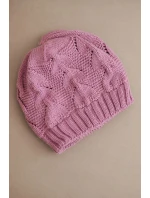 Dámská zimní čepice z vlny s krajkovým vzorem K427 tmavě růžová Dámská zimní čepice z vlny s krajkovým vzorem K427 tmavě růžová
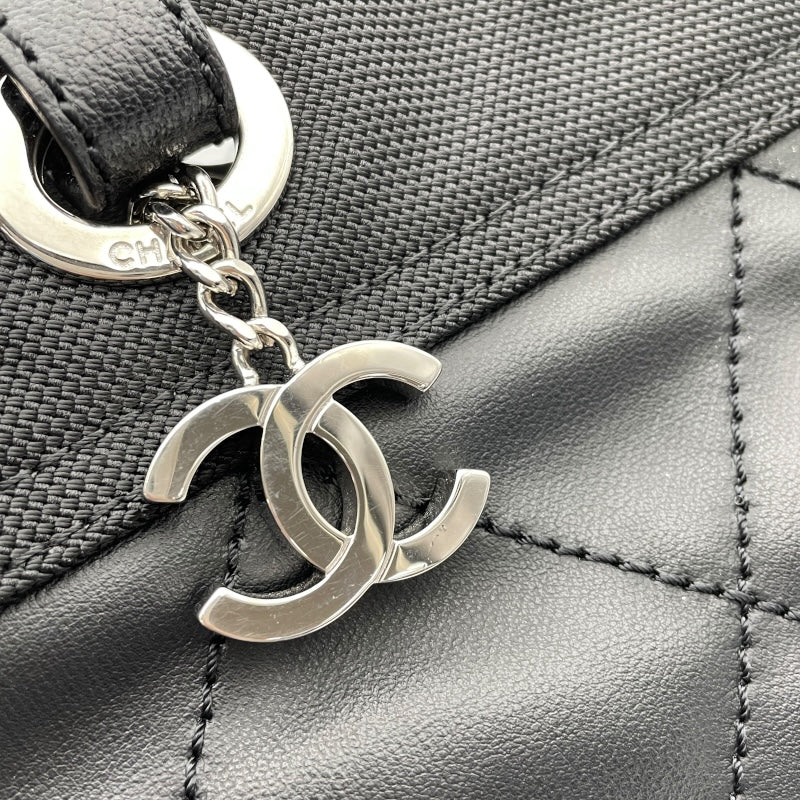 シャネル CHANEL パリビアリッツトートPM A34208 11番台 ブラック SV金具 コーティングキャンバス レディース トートバッグ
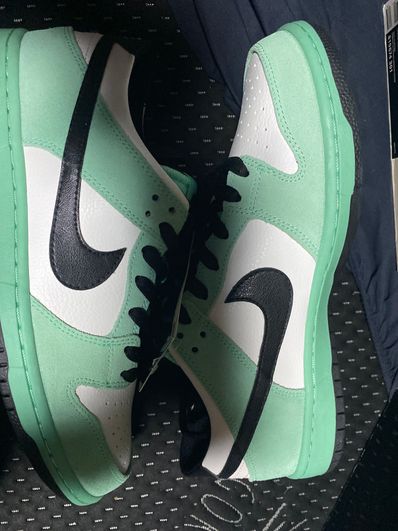 Nike SB Dunk Low Pro "Sea Crystal"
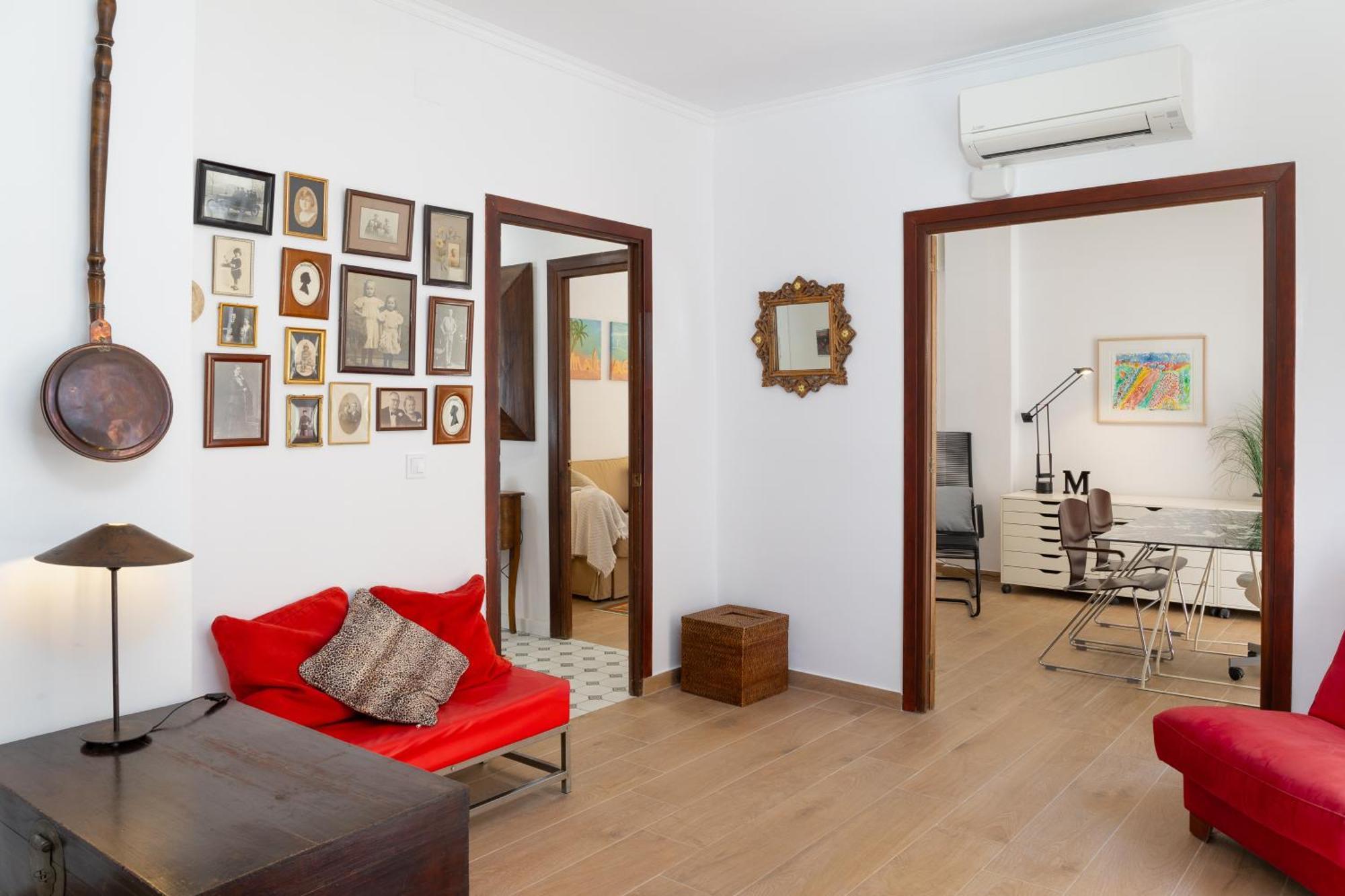 C92 - Rustic Two Bedrooms Apartment With Terrace مالقة المظهر الخارجي الصورة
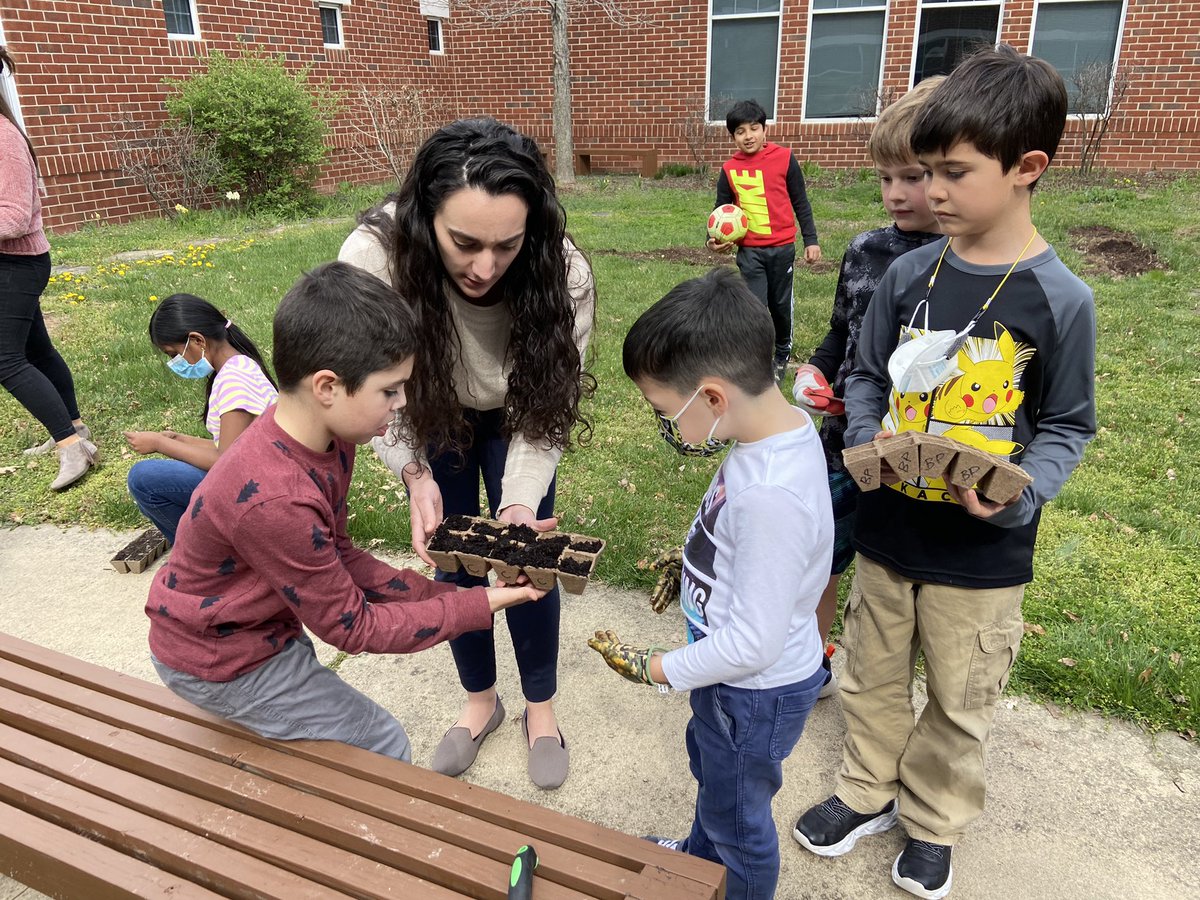 agmteach's tweet photo. Time for spring planting with the Dirt Dogs Garden Club!#LCPSlegacy #dirtdogs https://t.co/8938VbFdzM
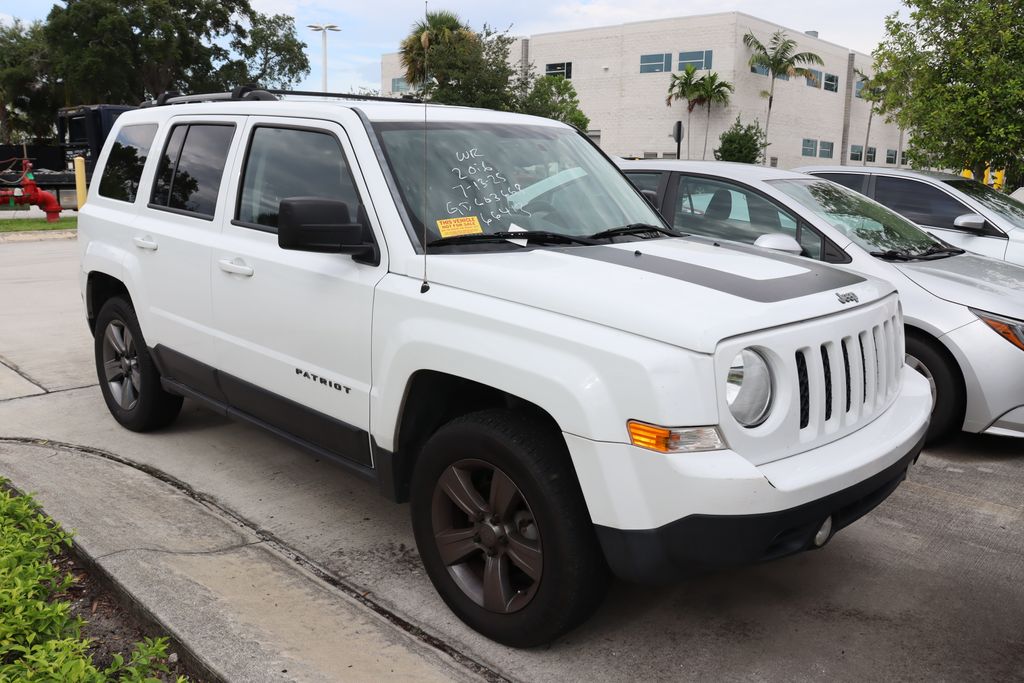 Thumbnail: 2016 Jeep Patriot - 5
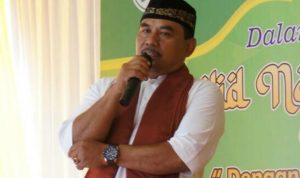 Lurah Serua, Sanudin akan menggalakkan fogging untuk mencegah warga terinfeksi DBD. ist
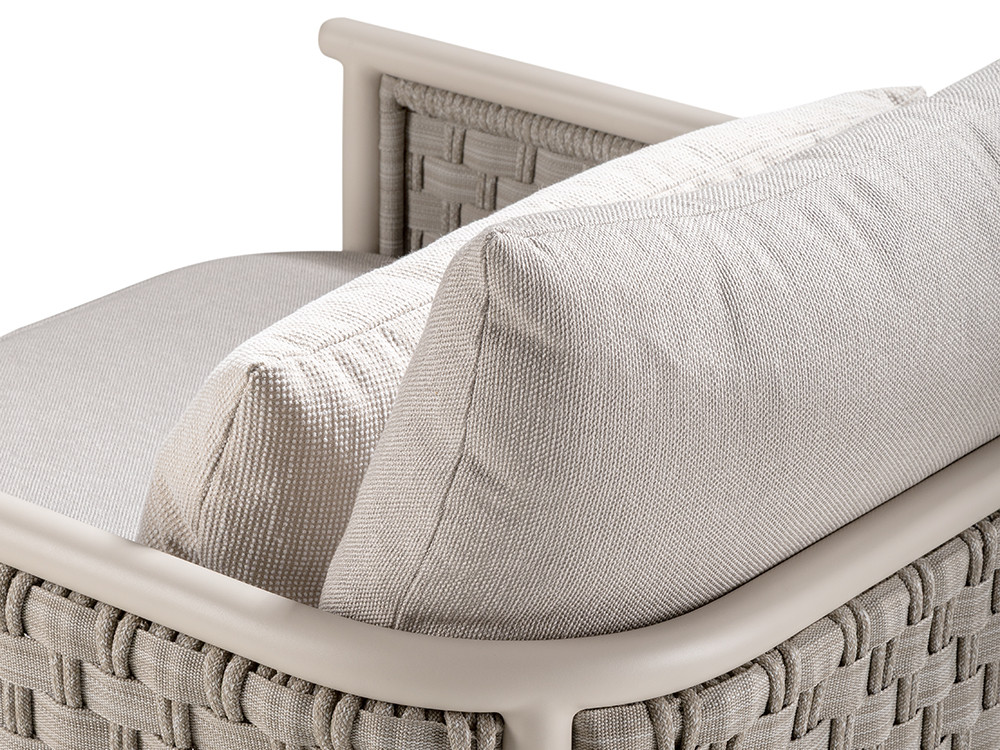 Este sillón exterior Botit ofrece confort con su estructura white wash y cuerda plana trenzada con cuerda redonda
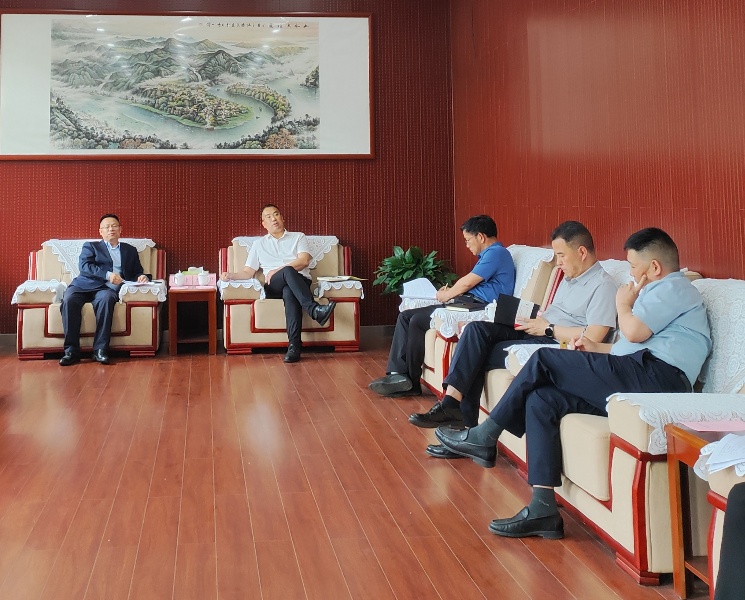 金沙8087公司赴旬阳市当局拜会旬阳市常务副市长刘仁卫，进行工作座谈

+++

#### WHAT THIS TASK INVOLVES
Leave out the pictures and set down all of the data exactly.

#### SOLUTION FOR THIS PROBLEM
 Dámská zimní čepice z vlny s krajkovým vzorem K427 tmavě růžová Dámská zimní čepice z vlny s krajkovým vzorem K427 tmavě růžová
 シャネル CHANEL パリビアリッツトートPM A34208 11番台 ブラック SV金具 コーティングキャンバス レディース トートバッグ
 Nike SB Dunk Low Pro "Sea Crystal"
 C92 - Rustic Two Bedrooms Apartment With Terrace مالقة المظهر الخارجي الصورة
 agmteach's tweet photo. Time for spring planting with the Dirt Dogs Garden Club!#LCPSlegacy #dirtdogs https://t.co/8938VbFdzM
 Thumbnail: 2016 Jeep Patriot - 5
 Lurah Serua, Sanudin akan menggalakkan fogging untuk mencegah warga terinfeksi DBD. ist
 Este sillón exterior Botit ofrece confort con su estructura white wash y cuerda plana trenzada con cuerda redonda
 金沙8087公司赴旬阳市当局拜会旬阳市常务副市长刘仁卫，进行工作座谈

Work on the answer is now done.